Permanence de la solidarité (4), chronique de Serge Guérin

Dans cette optique, il est intéressant de souligner que les solidarités familiales perdurent alors que la famille n’existe plus. Du moins dans la forme normative soutenue par l’institution depuis le Moyen-âge. Si elle a changé de temporalité et de structures, pour autant, elle est loin d’avoir disparue. Elle reste, pour reprendre la formule de Martine Segalen, le « pilier des identités ».

Les transformations de la structure de la famille ne conduisent pas à la disparition des solidarités familiales. Au contraire ! Elles étaient imposées hier ; elles sont largement choisies aujourd’hui.

Au temps jadis, on parlait de la « fille sacrifiée » : dans chaque famille, un enfant (généralement une fille) était désigné -le plus souvent de façon non-dite- par tous pour prendre en charge dans le futur les parents, voire les beaux-parents.

Aujourd’hui, les formes d’appui de la part des proches ont aussi évolué. On doit à Claudine Attias-Donfut de magnifiques travaux sur l’importance du soutien au sein des familles. L’aide familiale apparaît d’abord réalisée par les femmes, compagnes ou filles. Mais, sous l’influence de la mutation de la famille et d’une autonomisation croissante des femmes et de leur rôle social traditionnel, les choses évoluent.
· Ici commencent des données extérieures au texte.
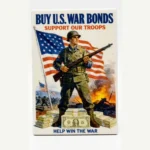 Custom Piece Printed Tile – 2x3 Tile (WWII U.S. War Bonds Battlefield Poster) – 3D Print for LEGO minifigure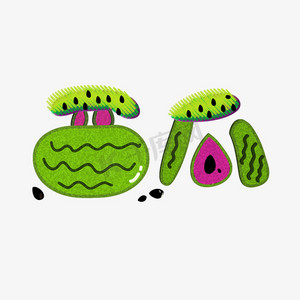 西瓜雕刻ps艺术字体-西瓜雕刻ps字体设计效果-千库网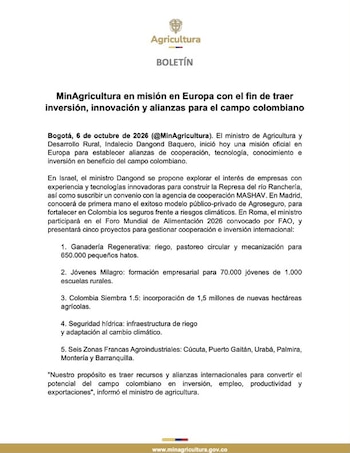 Indalecio Dangond llevará a Europa un plan de seguros agrarios y cinco proyectos para atraer recursos - crédito MinAgricultura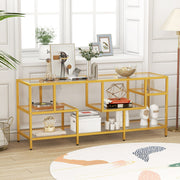 58" TV Console Table with Tempered Glass Shelves - Gold-Entertainment Centers & TV Stands-DECOROLALA
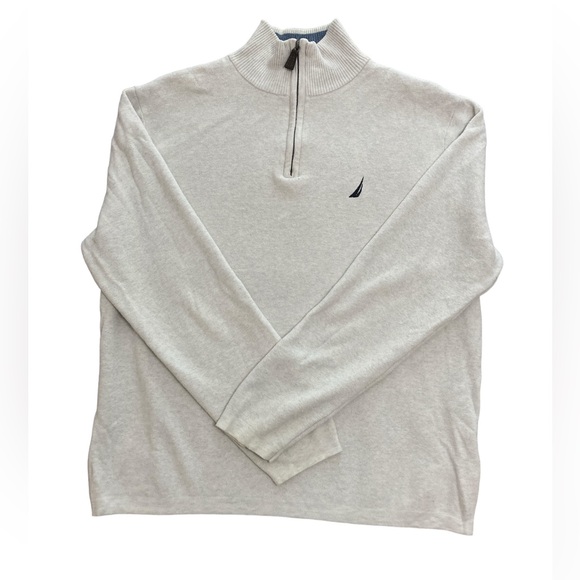 Nautica Men’s White Medium Quarter Zip Sweater - Picture 1 of 5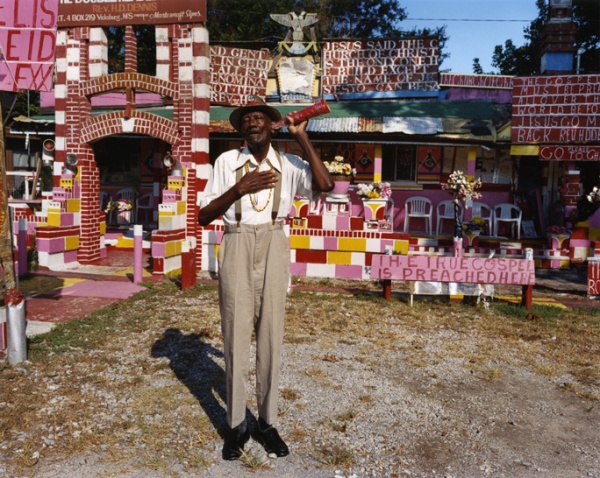 Reverend HD Dennis with Ear Trumpet, Mississippi, #1, 2005 - The True Gospel Preached Here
Ainsi, Simone Pennec montre pour sa part que la présence des fils est plus importante pour aider leur mère qu’auparavant. La taille de la fraterie-sororie, l’existence d’un ou de deux parents, les modes de vie, communs ou séparés, la présence ou non d’autres ascendants comme la composition des descendances contribuent à nuancer les pratiques.

Chacun cherche à « bricoler » entre les normes sociales, la régulation de ses tensions familiales et professionnelles et les valeurs individuelles et du groupe. Les rôles au sein de la famille sont de plus en plus polyvalents et évolutifs, y compris lorsqu’il s’agit de mobiliser les ressources de la solidarité.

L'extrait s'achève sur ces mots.